O avanço do consumo digital no Brasil trouxe uma mudança decisiva na forma como empresas são encontradas e escolhidas. Hoje, a jornada de compra começa na busca, mas uma parcela significativa dos negócios segue fora desse processo. Mesmo com bilhões de exibições registradas em páginas empresariais no Google e crescimento da presença em ferramentas de inteligência artificial, cerca de 75% das prestadoras de serviço ainda não possuem uma presença digital estruturada. Entre as que estão online, muitas apresentam dados desatualizados, contatos incorretos ou reputação pouco trabalhada, o que compromete diretamente a conversão.
O impacto acontece antes mesmo do primeiro contato. O consumidor transita por diferentes canais, compara informações e valida a decisão em múltiplos pontos. Dados do Google indicam que 93% das pessoas pesquisam online antes de comprar, enquanto a BrightLocal aponta que 99% consultam avaliações durante o processo. Nesse cenário, inconsistência ou ausência de dados deixa de ser detalhe e passa a ser motivo de exclusão.
“A escolha começa na busca. Se a empresa não aparece ou transmite insegurança nas informações, ela é descartada antes mesmo de qualquer contato”, afirma Rafael Somera, especialista em comportamento do consumidor e CEO da Solutudo.
Na prática, esse movimento tem favorecido empresas menores, mas mais organizadas digitalmente. Negócios tradicionais, mesmo com anos de atuação, acabam perdendo espaço por não acompanharem a dinâmica da jornada digital. A diferença não está necessariamente na qualidade do produto ou serviço, mas na capacidade de ser encontrado, gerar confiança e sustentar essa percepção ao longo da decisão.
A trajetória da Solutudo acompanha essa transformação. Fundada em 2005, ainda no período dos guias comerciais, a empresa evoluiu junto com a digitalização do consumo. Hoje, reúne milhões de empresas cadastradas, atende milhares de clientes ativos e registra milhões de usuários mensais. Nos últimos 12 meses, páginas ligadas à sua base foram exibidas mais de 2 bilhões de vezes em mecanismos de busca e começam também a aparecer em respostas de inteligência artificial, ampliando a visibilidade de pequenos negócios em diferentes regiões do país.

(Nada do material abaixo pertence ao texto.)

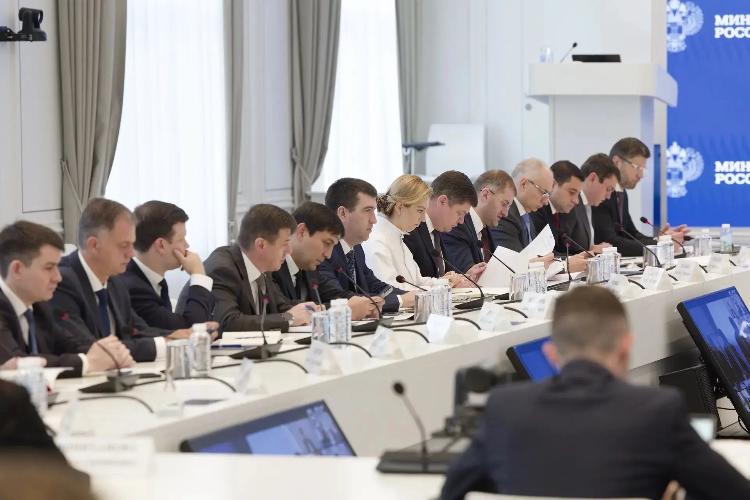 В Минстрое России прошло еженедельное оперативное совещание под председательством Министра строительства и ЖКХ РФ Ирека Файзуллина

O avanço da tecnologia, incluindo o uso de inteligência artificial, tem ampliado a capacidade de organização e distribuição dessas informações. Ainda assim, o principal gargalo continua sendo básico. “Mais importante que a inteligência artificial é organizar a informação. A pequena empresa tem história, tem reputação, mas isso precisa estar acessível e coerente nos canais onde o cliente decide”, afirma Somera.
Segundo ele, muitos empresários ainda associam presença digital apenas às redes sociais, o que limita o alcance e a competitividade. A jornada atual envolve buscadores, mapas, plataformas de avaliação e outros pontos de contato que influenciam diretamente a escolha.
No Brasil, micro e pequenas empresas representam cerca de 30% do Produto Interno Bruto e respondem por aproximadamente 70% dos empregos formais, segundo o Sebrae. Ainda assim, uma parcela relevante desses negócios enfrenta dificuldades para ser encontrada no ambiente digital, o que reduz o potencial de crescimento e aumenta a dependência de canais tradicionais.
Para o especialista, o desafio não está apenas na adoção de tecnologia, mas na organização da presença. “A empresa que não cuida disso deixa de disputar. E, quando percebe, o cliente já escolheu outra opção”, afirma.
A transformação do consumo consolidou um novo critério de competitividade. Estar presente, atualizado e bem avaliado deixou de ser diferencial e passou a ser condição básica para participar da escolha do consumidor.